--- START ---

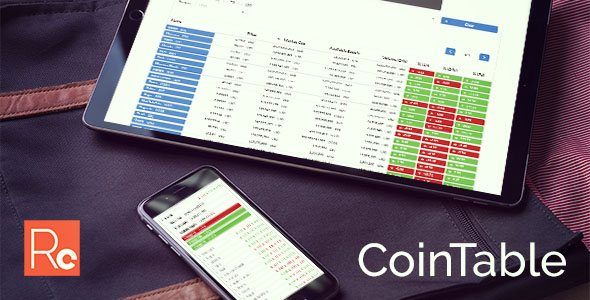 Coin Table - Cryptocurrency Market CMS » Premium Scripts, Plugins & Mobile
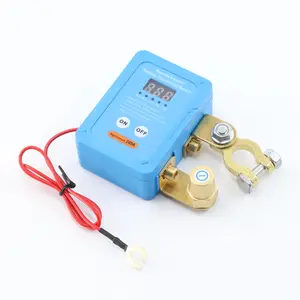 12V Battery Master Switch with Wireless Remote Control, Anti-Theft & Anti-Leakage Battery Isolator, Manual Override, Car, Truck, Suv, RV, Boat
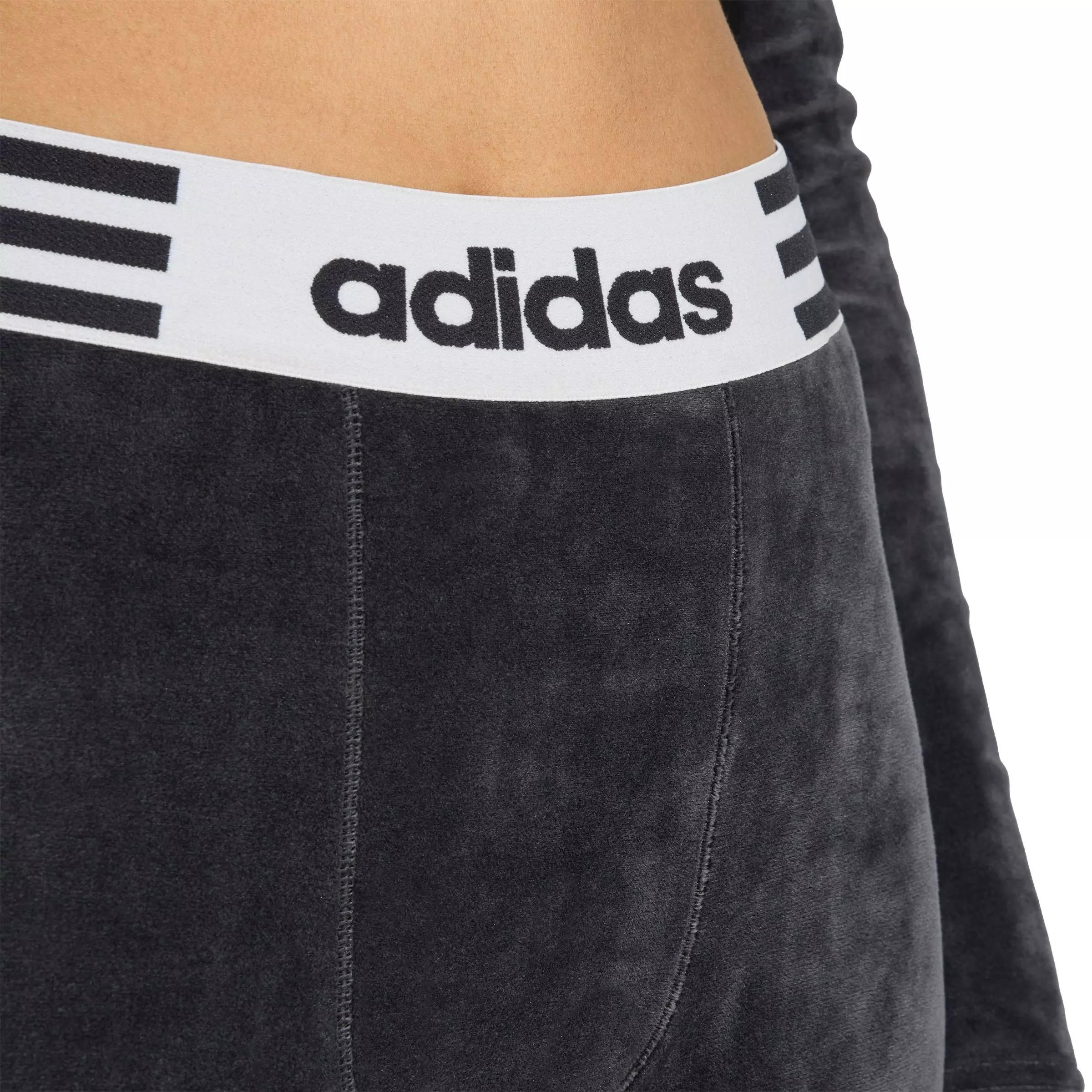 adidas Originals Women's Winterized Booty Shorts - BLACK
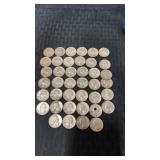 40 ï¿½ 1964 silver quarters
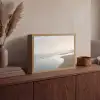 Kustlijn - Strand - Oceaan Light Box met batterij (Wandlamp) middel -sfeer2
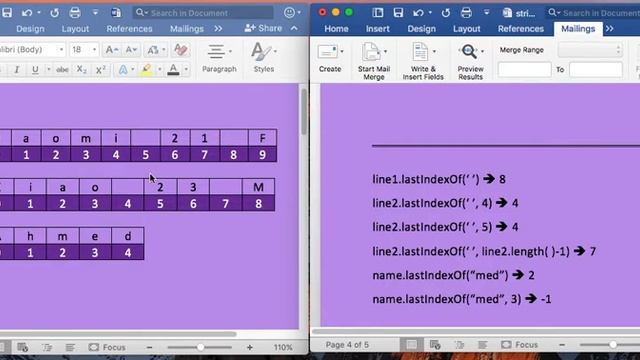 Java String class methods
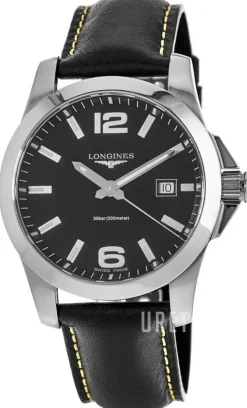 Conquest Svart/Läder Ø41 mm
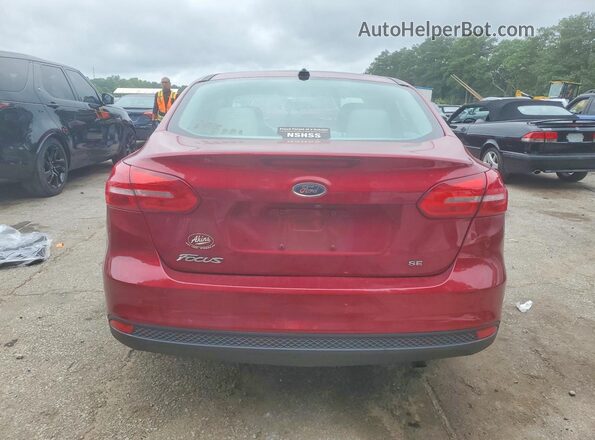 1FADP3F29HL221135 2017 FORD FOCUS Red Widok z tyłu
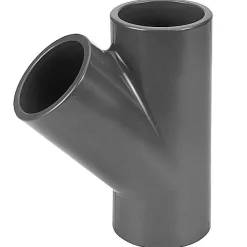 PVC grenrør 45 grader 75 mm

--- END ---
--- START ---

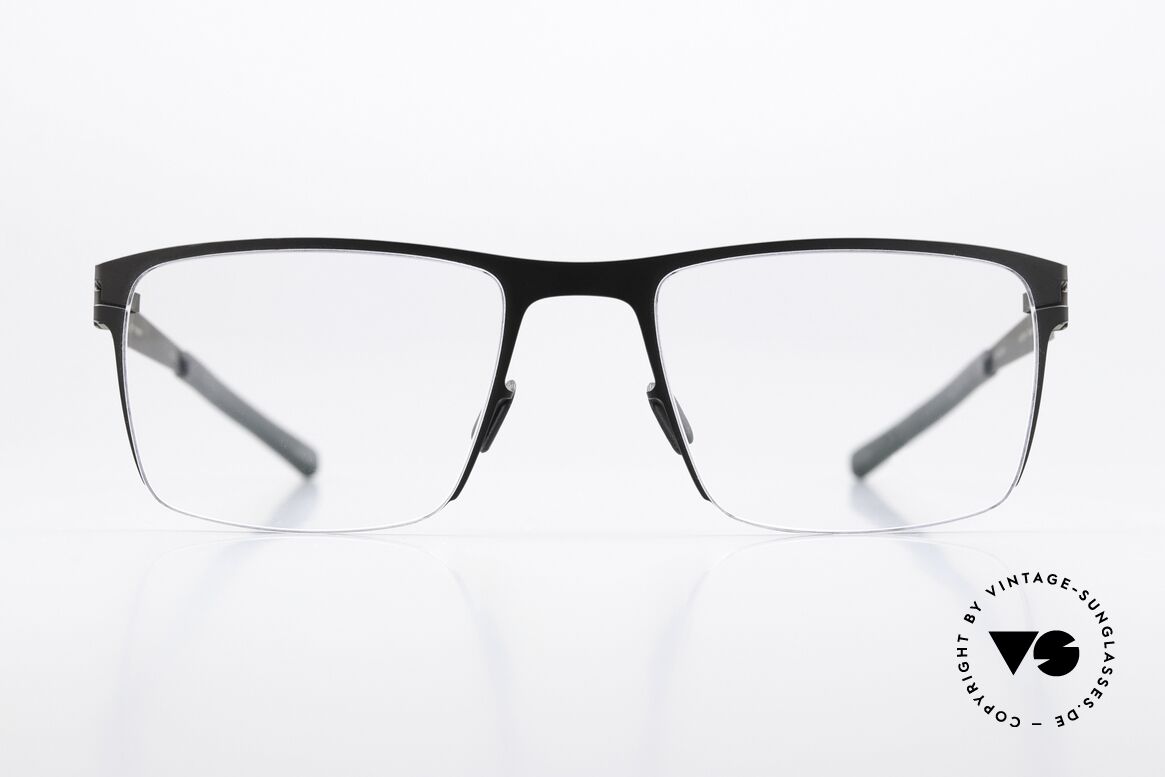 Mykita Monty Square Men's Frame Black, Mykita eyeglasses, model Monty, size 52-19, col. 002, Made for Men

--- END ---

### TASK OBJECTIVE
Transcribe, from the material above, the stretch starting at the line with "Coin Table - Cryptocurrency" and ending at the line with "1FADP3F29HL221135 2017 FORD", both included, exactly. Do not carry over pictures.

### TASK RESPONSE
 Coin Table - Cryptocurrency Market CMS » Premium Scripts, Plugins & Mobile
 12V Battery Master Switch with Wireless Remote Control, Anti-Theft & Anti-Leakage Battery Isolator, Manual Override, Car, Truck, Suv, RV, Boat
 adidas Originals Women's Winterized Booty Shorts - BLACK
 40 ï¿½ 1964 silver quarters
 Kustlijn - Strand - Oceaan Light Box met batterij (Wandlamp) middel -sfeer2
 Java String class methods
 Conquest Svart/Läder Ø41 mm
 1FADP3F29HL221135 2017 FORD FOCUS Red Widok z tyłu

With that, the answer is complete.